C’est en 1966, alors qu’il visite Birkenau où son père a été déporté et assassiné, que Serge Klarsfeld a la « révélation » qui va décider de ce que sera sa vie : « J’y ai éprouvé la certitude que mon destin aurait dû se terminer là, que l’immense souffrance du peuple juif assas­siné n’avait pas été apaisée par la fuite du temps. » Beate, de son côté, ne peut supporter que l’ancien nazi Kurt Kiesinger ait accédé au poste de Chancelier et dirige désormais l’Allemagne de l’Ouest. Elle se souvient du sacrifice de Hans et Sophie Scholl, les jeunes résistants allemands au nazisme du réseau La Rose blanche, et décide de s’engager, publiant des articles indignés dans Combat et, le 7 novembre 1968, giflant Kiesinger en public lors d’un congrès chrétien-démocrate à Berlin — c’est le premier de leurs coups d’éclat.

L’intelligente construction de ces Mémoires, donnant alternativement la parole à l’un et à l’autre, préserve d’heureuse façon la voix et la person­nalité de chacun. Pourtant, sur plus de six cents pages, souvent captivantes, arides parfois à force de nécessaire précision, c’est bel et bien plus de quarante ans d’un combat commun et complice qui défilent. Consultation inlassable d’archives, actions sur le terrain, pressions constantes et concomitantes sur l’opinion publique, les médias, la justice, les autorités politiques. Les nazis Klaus Barbie, Walter Rauff, Kurt Lischka, puis les hauts fonctionnaires français Maurice Papon, Paul Touvier et René Bousquet sont quelques-uns des criminels qu’ils ont chassés, parfois des décennies durant. Des traques ­obstinées, méticuleuses, ici racontées avec une froide passion.

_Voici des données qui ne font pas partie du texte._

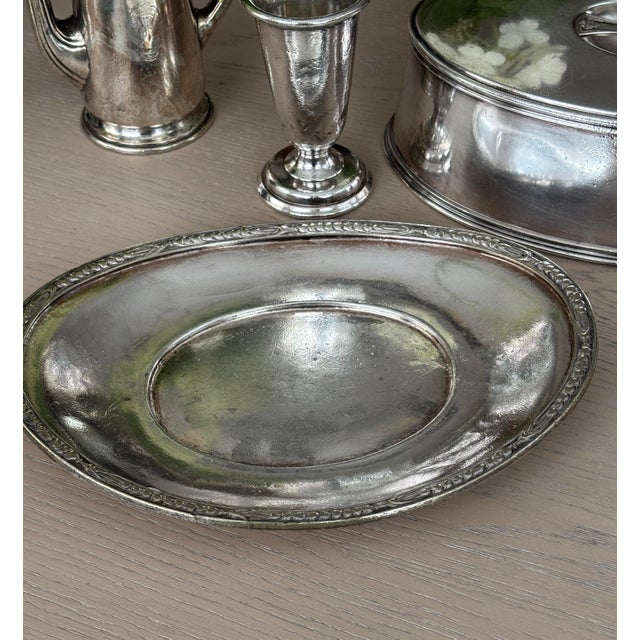An extraordinary, investment-grade piece of New York City high-society history. This heavy-weight silver soldered oval...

Leur combat a revêtu une autre forme, non moins essentielle : Serge et Beate Klarsfeld se sont employés à dresser, en mémoire des victimes de la Shoah en France, l’admirable tombeau symbolique qu’est le Mémorial de la déportation des Juifs de France — 75 721 victimes y figurent à ce jour. Au lendemain de la première publication, en 1978, Vladimir Jankélévitch écrivait, dans Le Nouvel Observateur : « Serge Klarsfeld a compris que les grands mots resteraient toujours en deçà de l’horreur, que notre indignation, si naturelle pourtant, ne saurait être à la mesure du gigantesque massacre. Il a donc choisi l’objectivité et la terrifiante précision des énumérations et des statistiques, sachant que cette précision et cette objectivité étaient en elles-mêmes le plus implacable des réquisitoires. » — Nathalie Crom

 

Coéd. Fayard-Flammarion, 688 p., 26 €.